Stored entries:
━━━━━━━━

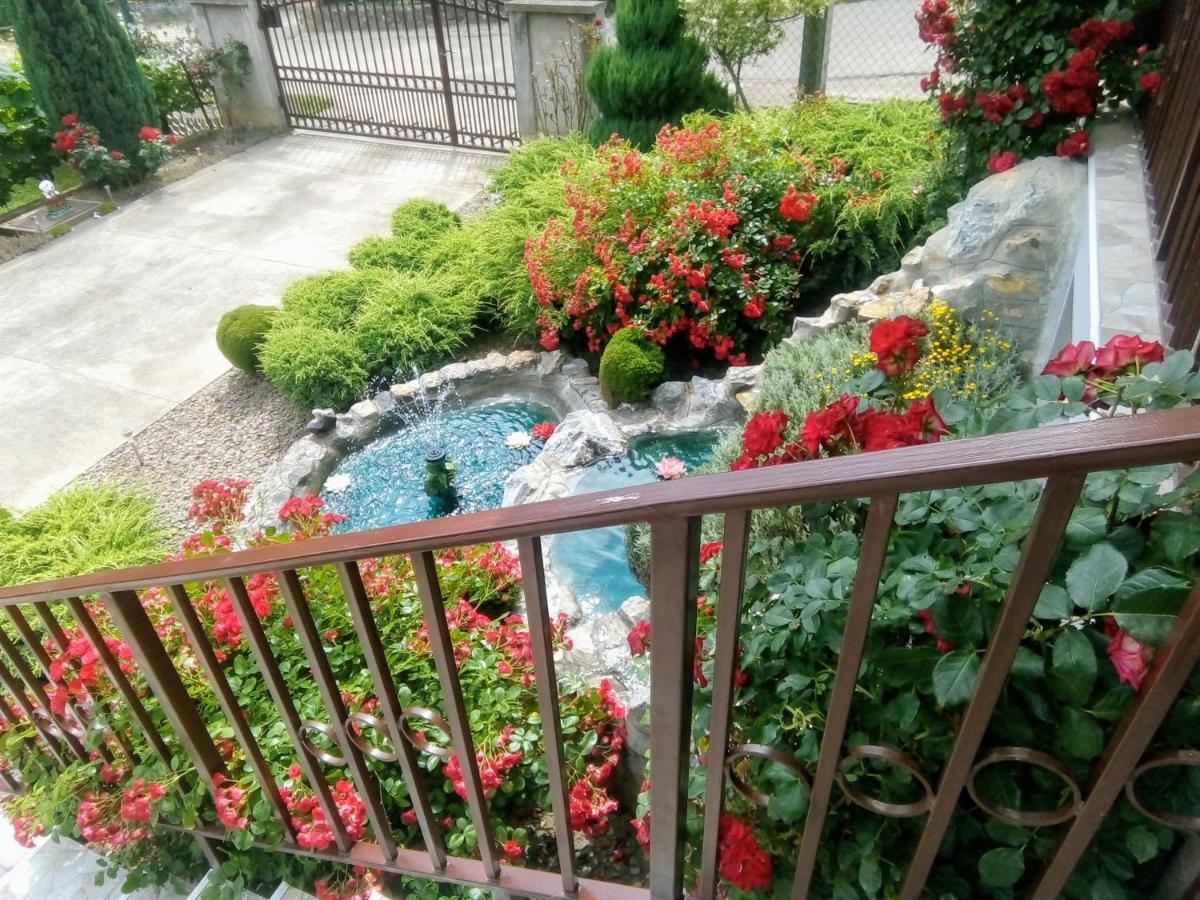 Apartment Vila MM Srce - Housity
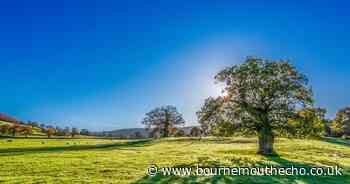 When is the next heatwave in the UK 2024? Met Office weather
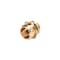 Zhejiang Hongchen Irrigation 3/4-Inch x 3/4-Inch Threaded Hose To Hose Connector 50030 - alternate 1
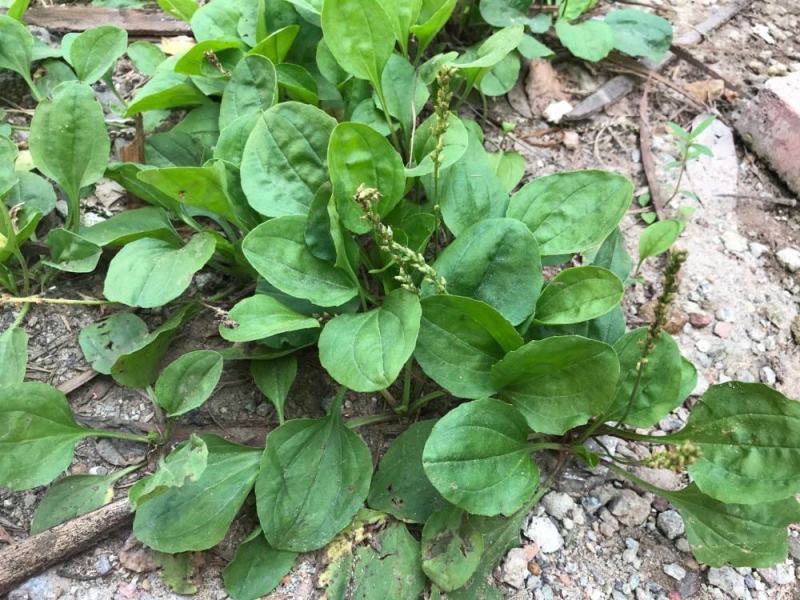 野生中草药苗车前草苗药材盆栽现挖现卖包活植物蔬菜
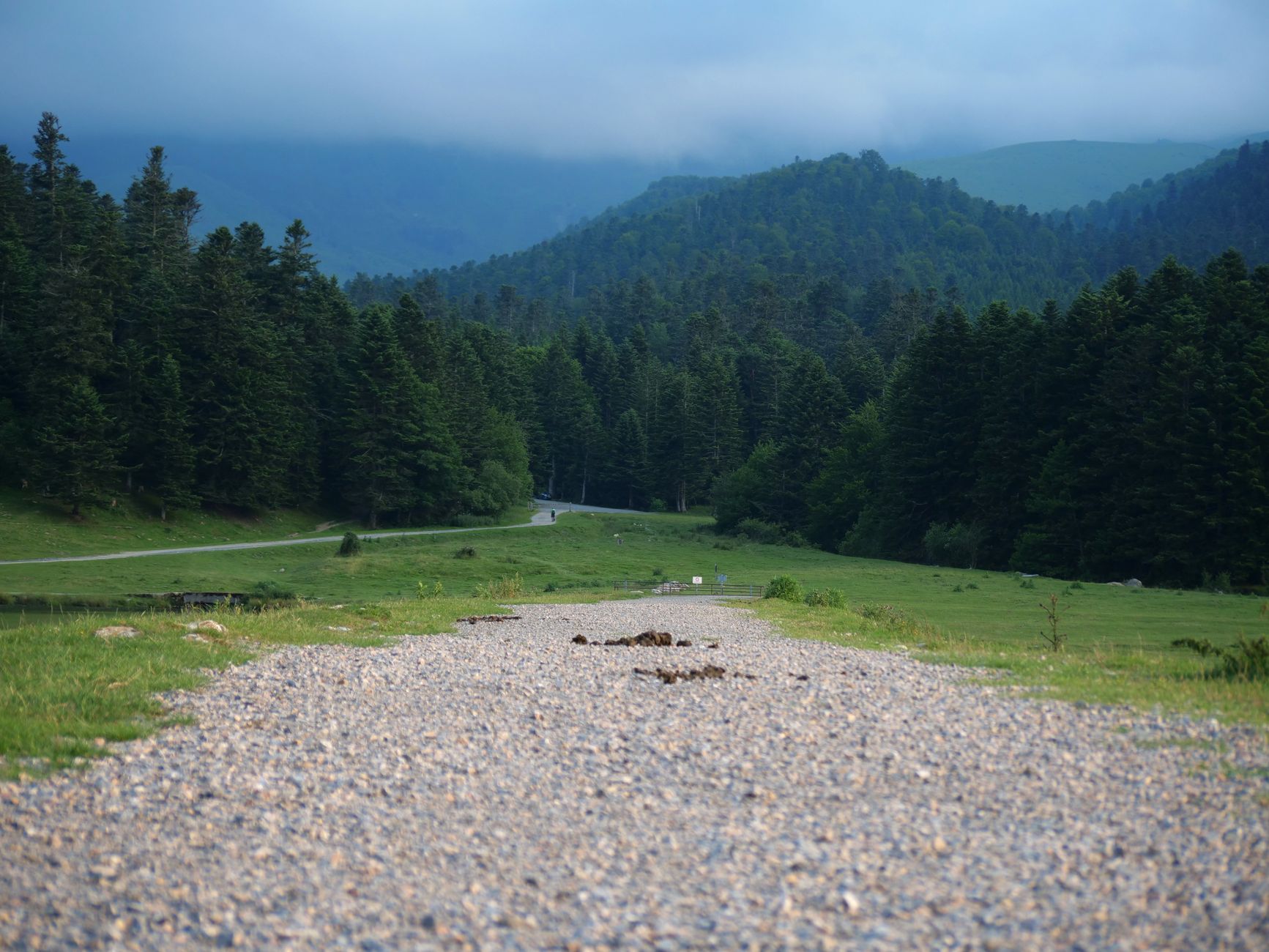A tranquil gravel path stretches through lush green forests with mountains in the distance.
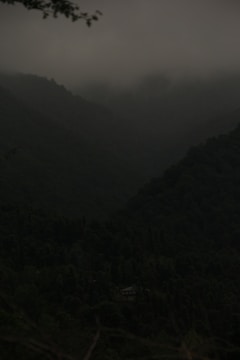 Screenshot of a pixel-art style adventure game with a dark, moody forest background.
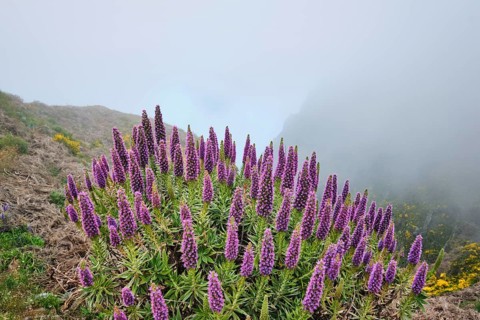 View near Pico do Arieiro of mountains in clouds with Pride of Madeira flowers and blooming Cytisus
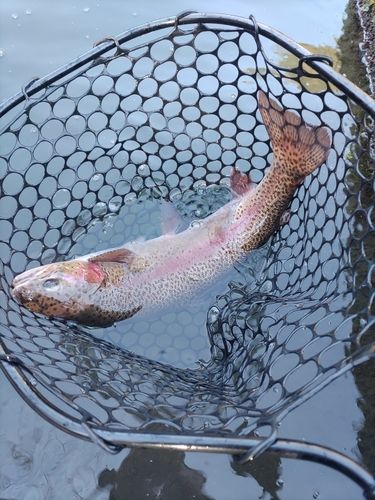 ニジマスの釣果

━━━━━━━━

Action item:
I'd like the records above given again exactly, please, without the pictures.

Answer space:
 Apartment Vila MM Srce - Housity
 When is the next heatwave in the UK 2024? Met Office weather
 Zhejiang Hongchen Irrigation 3/4-Inch x 3/4-Inch Threaded Hose To Hose Connector 50030 - alternate 1
 野生中草药苗车前草苗药材盆栽现挖现卖包活植物蔬菜
A tranquil gravel path stretches through lush green forests with mountains in the distance.
 Screenshot of a pixel-art style adventure game with a dark, moody forest background.
 View near Pico do Arieiro of mountains in clouds with Pride of Madeira flowers and blooming Cytisus
 ニジマスの釣果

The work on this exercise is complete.